10:42:55 06/27/23 AUS Eastern Standard Time
10:43:10 06/27/23 AUS Eastern Standard Time
time taken: --- 14.295339584350586 seconds ---


In [11]:
generate_mouth_sounds_labels('{}\WAV\\test 30s.wav'.format(nb_path), "30s22050Hz.txt", sample_rate= 22050)

10:44:36 06/27/23 AUS Eastern Standard Time
10:44:49 06/27/23 AUS Eastern Standard Time
time taken: --- 12.711917638778687 seconds ---


I believe STFT limits frequency bands to n/2 of sample rate, so would not want to go below 22050. Smaller sample rate is slightly faster, but identifies 9 fewer mouth noises (not sure if any of these are false positives in the 44100 sr output).
   
Further opportunities:   
 - Set up the loaded sound file as a class.
 - Optimise the "fine tuning" section of "generate_mouth_sounds_labels()" to use vectors instead of loops.
 - Extend the "fine tuning" section to trim the tail of the identified clip, not just the lead.
 - Multithreading.
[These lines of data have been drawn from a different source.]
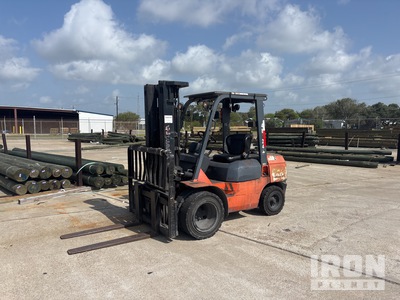 2006 (unverified) Toyota 7FDU32 6020 lb Forklift
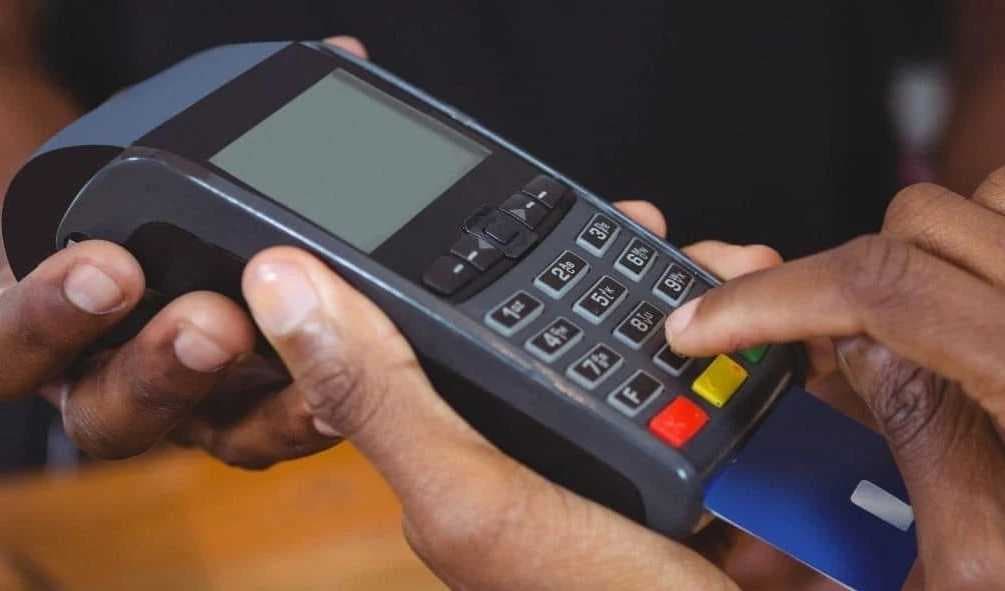 المنتجات النفطية: مبيعاتنا عبر الدفع الالكتروني تجاوزت الـ 2 ترليون دينار خلال نصف عام
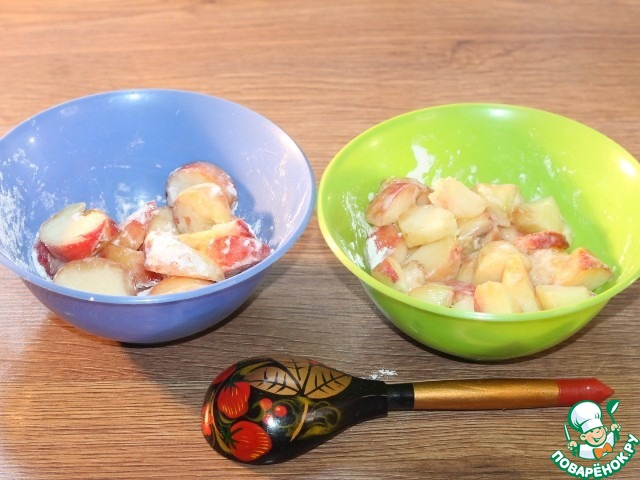 Пирог на кефире с персиками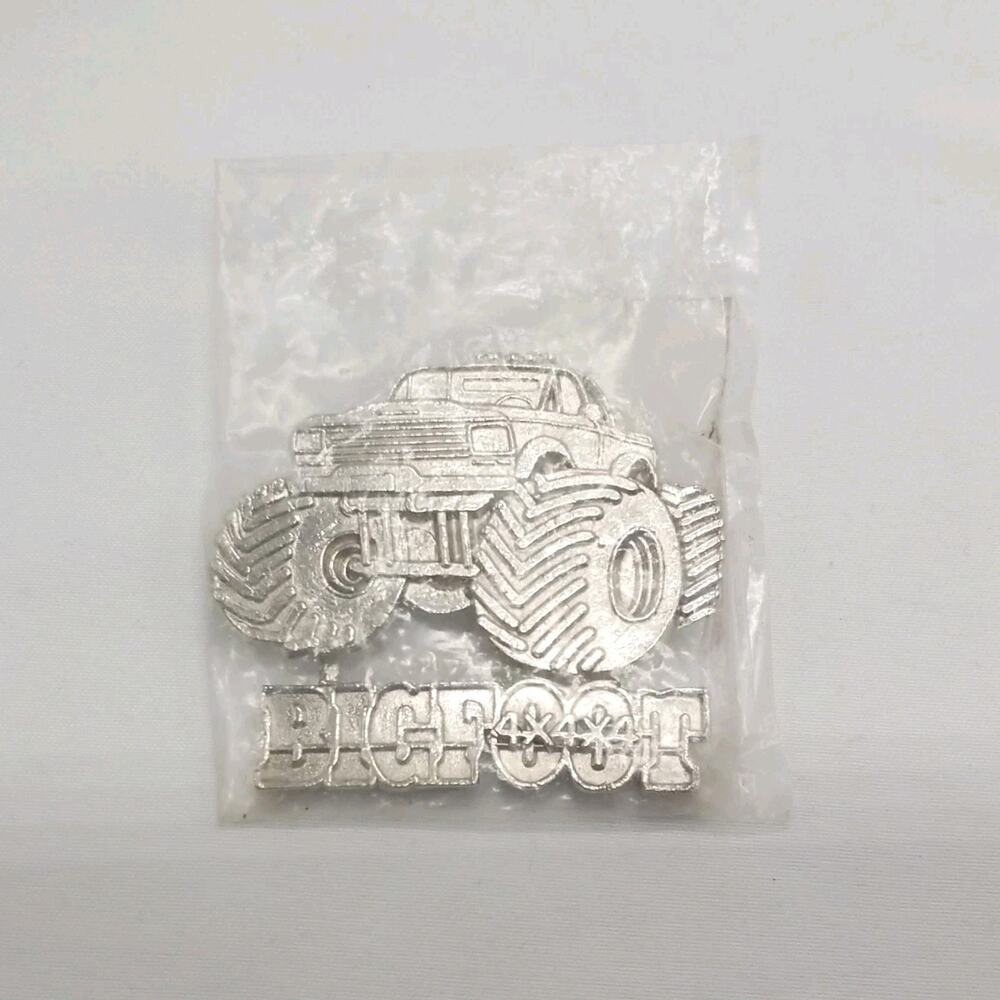 Vintage Bigfoot Monster Truck 4x4 Pin 1980s Pinback Made in USA Diecast NOS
Since the "process" is comparing a set of independent chunks, it would be very possible to divide the total sound file into n threads and simultaneously process each thread. Potential bottleneck on memory?
 - Add a "clean" function which duplicates the mechanism of the "repair" function in Audacity to re-write the identified "mouthsound" datapoints with a smoothed interpolated function and export a new sound file. This way all processing is done in one space rather than flitting between programs.
 - Write this as a .py file that can be used via terminal instead of a notebook.
 - Be less lazy.
 - Write up a summary of the mechanics of all this so someone can learn and actually implement these improvements.